Refresh the audit/ evidence files in place rather than fork a dated parallel set. ADR-0017 Decision 1 designated them the living regression reference; keeping one current set (with the prior-pass findings carried as an explicit disposition table) keeps the record readable, and git preserves the 2026-06-12 text. This ADR is the forward record of the refresh.

Consequences¶

Positive:

The current state is re-validated with fresh, command-backed evidence, including an executed adversarial battery, not only a code re-read, and the validation was re-run on the merged tree so it covers the concurrently-landed #69 and #71 deltas.
Every ADR-0017 finding is shown closed with its resolving ADR/backlog id, so the governance record now reflects that the first audit's debt is fully paid.
The one forward-looking concurrency concern is captured (BL-104) before the HTTP transport work begins, rather than discovered during it.

Negative:

A reader expecting new defects finds none; this pass ships evidence and one latent backlog item, not code. That is the intended result for a hardened, fully-remediated codebase.
Refreshing audit/ in place means the 2026-06-12 prose lives only in git history; the disposition table in audit/02 mitigates this by carrying the prior findings forward.

Neutral:

coverage, pip-audit, and bandit were used for the audit; coverage is already a project gate (BL-053), while pip-audit and bandit remain advisory and are not added as dependencies or gates.
Coverage reads 92 percent here versus 94 percent on 2026-06-12; the dip is the larger store/postgres.py surface whose live-DB tests skip without PRAXIS_TEST_PG_DSN, not a loss of coverage on exercised code.

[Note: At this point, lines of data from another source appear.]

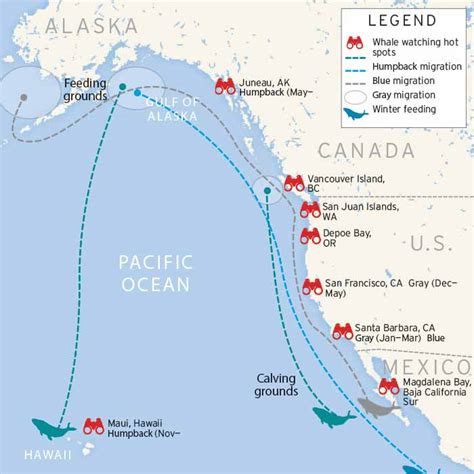 Hawaii Humpback Whale Population Graph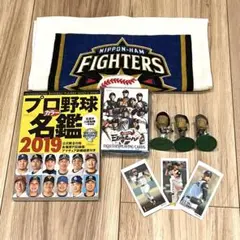Nippon-Ham Fighters グッズ　本　まとめ売り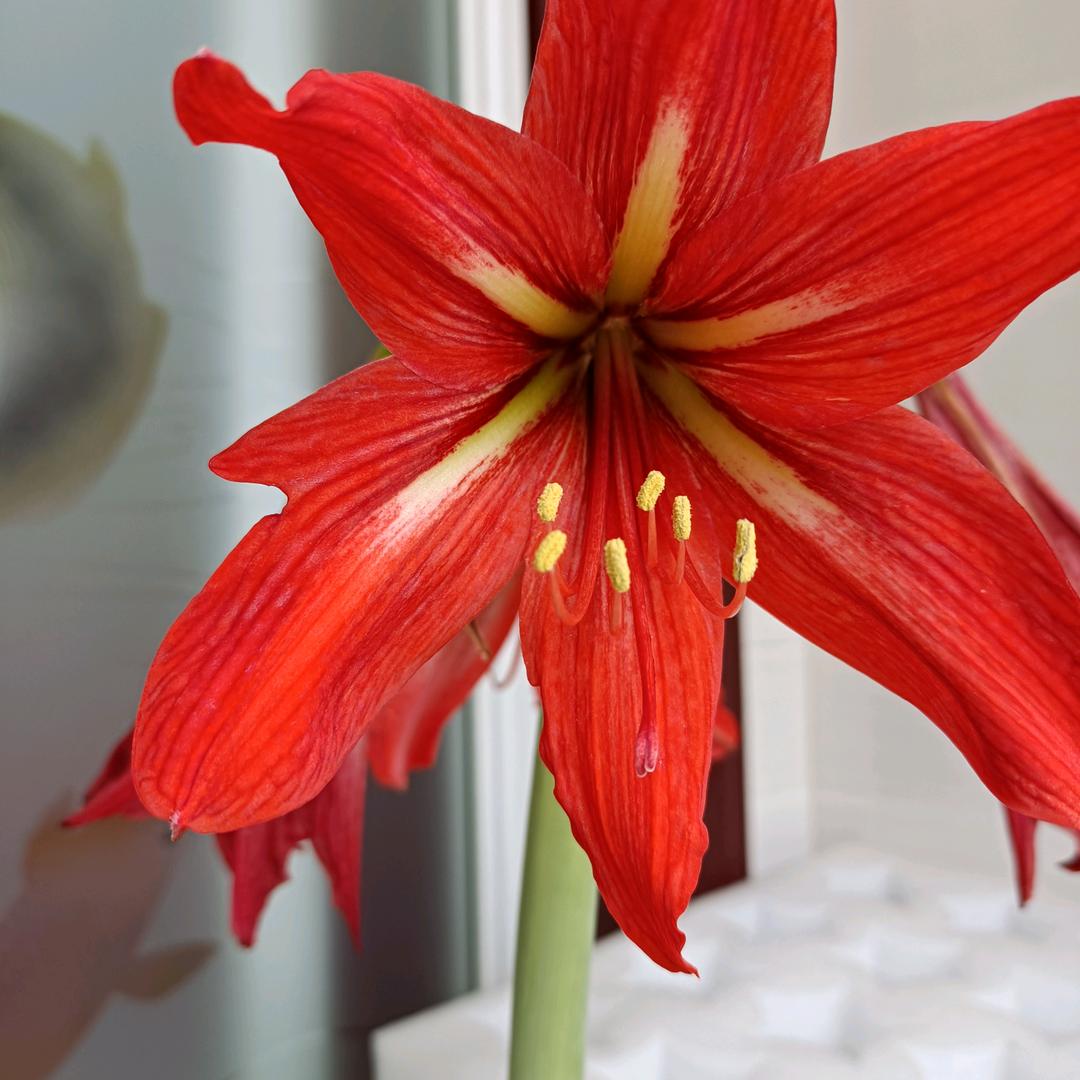 时来运转☀☀🙏🙏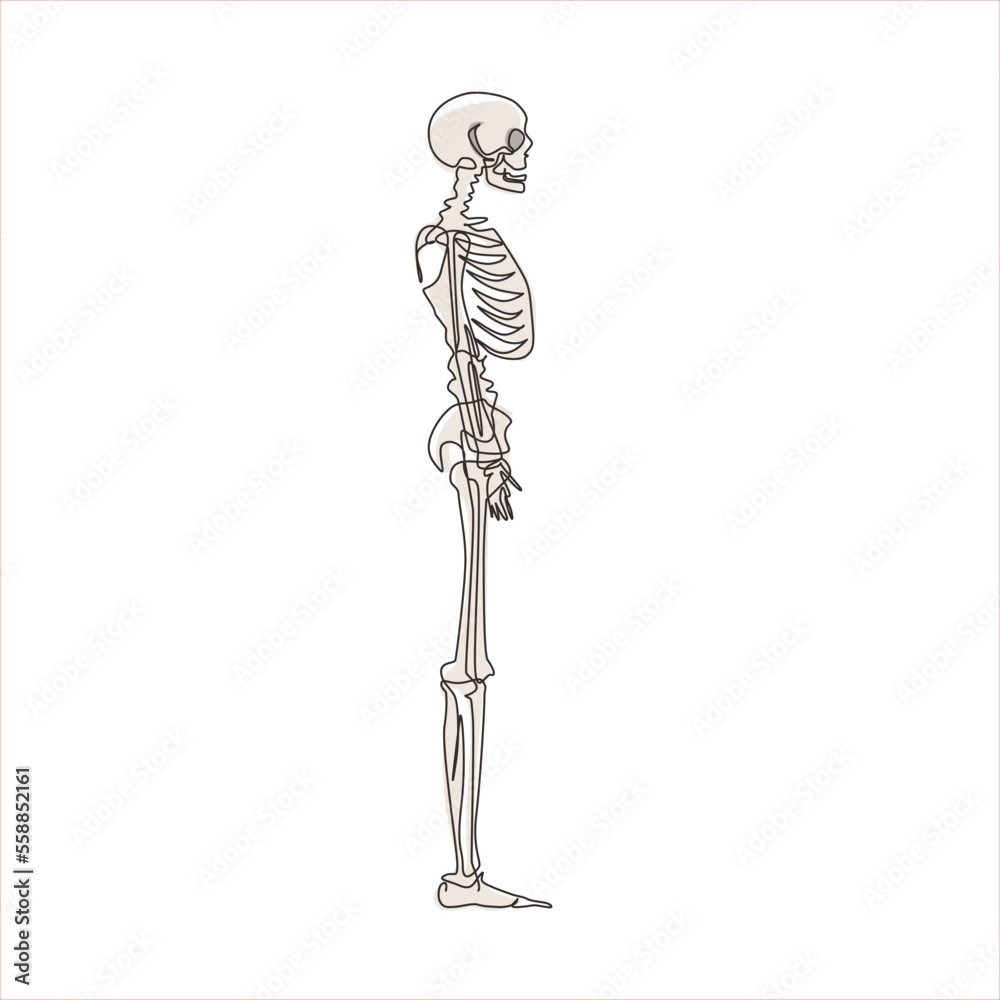 Single one line drawing side view full anatomical skeleton of a person and individual bones. Performed as an art illustration in a scientific medical style. Continuous line draw design graphic vector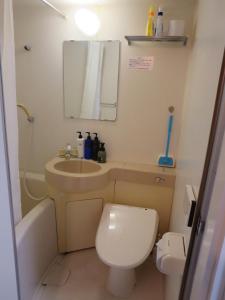 a small bathroom with a toilet and a sink at Comfort CUBE PHOENIX S Kumamoto in Kumamoto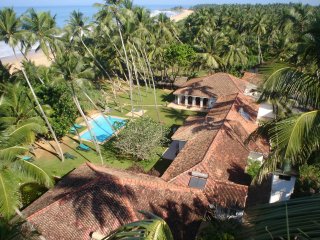 Umgeben von grünen Palmen und dem Meer befindet sich die Lotus Villa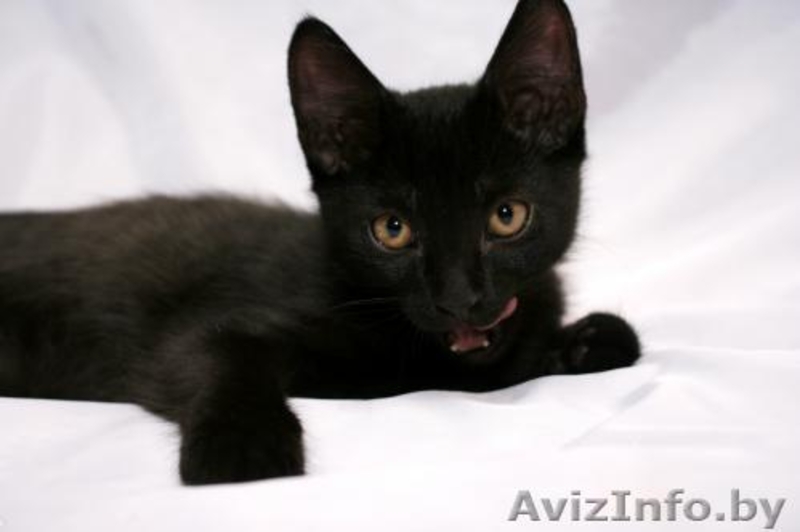 Котенок в ДАР. Черныш –покоритель мира - Изображение #1, Объявление #734553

Alternatives considered and rejected¶

Implement BL-104 (per-session context isolation / atomic nonce consume) in this pass. Rejected: the multi-client transport it protects is unimplemented, so the change would add concurrency machinery and tests against a code path that cannot run, shipping speculative complexity against the project's own "no behavior change without a test, no untested security code" discipline.
Fork a dated audit/2026-06-14/ set and leave the 2026-06-12 files untouched. Rejected: it would split the living regression reference into divergent copies; the disposition table plus git history preserves the prior pass without the fork.
Add # nosec B608 annotations to silence bandit on the store backends. Rejected: bandit is not a CI gate and ruff's S608 is already scoped-ignored with a justification in pyproject.toml; a second suppression mechanism for the same confirmed false positive is redundant surface, not hygiene.
Scope the audit to HEAD 209f61a and ignore the concurrently-merged #69/#71. Rejected: the PR rebases onto a tree that includes them, so the honest baseline is the merged tree; the gates were re-run there and both deltas reviewed, so the evidence matches what ships.

Revisit triggers¶

HTTP serving lands (BL-012 serving), which makes BL-104 active: per-session execution-context isolation and an atomic approval compare-and-consume become required (building on #71's per-request correlation scope).
The next remediation wave implements BL-104, at which point a remediation ADR (the ADR-0016 pattern) supersedes the tracking here.